TASK INSTRUCTIONS:
Your task is to print all of the data word for word.

----- EXERCISE INPUTS -----

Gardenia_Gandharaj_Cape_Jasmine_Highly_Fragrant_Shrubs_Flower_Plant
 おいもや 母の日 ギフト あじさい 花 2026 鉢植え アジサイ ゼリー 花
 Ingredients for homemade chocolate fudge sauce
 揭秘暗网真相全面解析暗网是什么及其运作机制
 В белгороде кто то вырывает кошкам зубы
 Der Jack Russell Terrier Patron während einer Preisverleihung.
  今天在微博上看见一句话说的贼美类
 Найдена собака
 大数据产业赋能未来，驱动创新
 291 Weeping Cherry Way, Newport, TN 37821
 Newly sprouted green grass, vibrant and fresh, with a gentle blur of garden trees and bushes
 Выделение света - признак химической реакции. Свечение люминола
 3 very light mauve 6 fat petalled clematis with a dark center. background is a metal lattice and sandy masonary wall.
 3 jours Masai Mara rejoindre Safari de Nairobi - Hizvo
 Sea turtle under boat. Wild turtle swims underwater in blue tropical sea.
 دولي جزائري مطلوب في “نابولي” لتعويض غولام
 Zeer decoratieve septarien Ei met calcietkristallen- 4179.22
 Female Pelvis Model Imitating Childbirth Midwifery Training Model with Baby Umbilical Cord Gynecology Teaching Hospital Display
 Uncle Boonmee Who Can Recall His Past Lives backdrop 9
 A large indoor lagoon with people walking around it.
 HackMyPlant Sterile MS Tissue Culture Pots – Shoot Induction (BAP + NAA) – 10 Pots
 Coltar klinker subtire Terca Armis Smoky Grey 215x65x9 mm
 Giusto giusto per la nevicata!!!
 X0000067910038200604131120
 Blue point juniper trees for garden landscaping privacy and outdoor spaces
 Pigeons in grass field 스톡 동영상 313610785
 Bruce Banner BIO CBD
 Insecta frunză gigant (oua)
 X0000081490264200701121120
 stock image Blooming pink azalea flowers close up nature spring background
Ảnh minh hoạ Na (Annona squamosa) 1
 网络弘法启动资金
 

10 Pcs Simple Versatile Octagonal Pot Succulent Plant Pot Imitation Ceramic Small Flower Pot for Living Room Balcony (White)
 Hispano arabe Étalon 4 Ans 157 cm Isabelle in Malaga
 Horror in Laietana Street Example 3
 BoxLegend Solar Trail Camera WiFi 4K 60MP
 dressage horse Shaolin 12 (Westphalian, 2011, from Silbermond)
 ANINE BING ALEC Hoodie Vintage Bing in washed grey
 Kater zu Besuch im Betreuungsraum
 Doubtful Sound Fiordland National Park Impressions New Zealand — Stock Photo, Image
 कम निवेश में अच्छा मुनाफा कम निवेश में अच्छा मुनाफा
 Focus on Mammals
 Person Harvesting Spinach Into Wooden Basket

-----

PROBLEM SOLUTION:
Gardenia_Gandharaj_Cape_Jasmine_Highly_Fragrant_Shrubs_Flower_Plant
 おいもや 母の日 ギフト あじさい 花 2026 鉢植え アジサイ ゼリー 花
 Ingredients for homemade chocolate fudge sauce
 揭秘暗网真相全面解析暗网是什么及其运作机制
 В белгороде кто то вырывает кошкам зубы
 Der Jack Russell Terrier Patron während einer Preisverleihung.
  今天在微博上看见一句话说的贼美类
 Найдена собака
 大数据产业赋能未来，驱动创新
 291 Weeping Cherry Way, Newport, TN 37821
 Newly sprouted green grass, vibrant and fresh, with a gentle blur of garden trees and bushes
 Выделение света - признак химической реакции. Свечение люминола
 3 very light mauve 6 fat petalled clematis with a dark center. background is a metal lattice and sandy masonary wall.
 3 jours Masai Mara rejoindre Safari de Nairobi - Hizvo
 Sea turtle under boat. Wild turtle swims underwater in blue tropical sea.
 دولي جزائري مطلوب في “نابولي” لتعويض غولام
 Zeer decoratieve septarien Ei met calcietkristallen- 4179.22
 Female Pelvis Model Imitating Childbirth Midwifery Training Model with Baby Umbilical Cord Gynecology Teaching Hospital Display
 Uncle Boonmee Who Can Recall His Past Lives backdrop 9
 A large indoor lagoon with people walking around it.
 HackMyPlant Sterile MS Tissue Culture Pots – Shoot Induction (BAP + NAA) – 10 Pots
 Coltar klinker subtire Terca Armis Smoky Grey 215x65x9 mm
 Giusto giusto per la nevicata!!!
 X0000067910038200604131120
 Blue point juniper trees for garden landscaping privacy and outdoor spaces
 Pigeons in grass field 스톡 동영상 313610785
 Bruce Banner BIO CBD
 Insecta frunză gigant (oua)
 X0000081490264200701121120
 stock image Blooming pink azalea flowers close up nature spring background
Ảnh minh hoạ Na (Annona squamosa) 1
 网络弘法启动资金
 

10 Pcs Simple Versatile Octagonal Pot Succulent Plant Pot Imitation Ceramic Small Flower Pot for Living Room Balcony (White)
 Hispano arabe Étalon 4 Ans 157 cm Isabelle in Malaga
 Horror in Laietana Street Example 3
 BoxLegend Solar Trail Camera WiFi 4K 60MP
 dressage horse Shaolin 12 (Westphalian, 2011, from Silbermond)
 ANINE BING ALEC Hoodie Vintage Bing in washed grey
 Kater zu Besuch im Betreuungsraum
 Doubtful Sound Fiordland National Park Impressions New Zealand — Stock Photo, Image
 कम निवेश में अच्छा मुनाफा कम निवेश में अच्छा मुनाफा
 Focus on Mammals
 Person Harvesting Spinach Into Wooden Basket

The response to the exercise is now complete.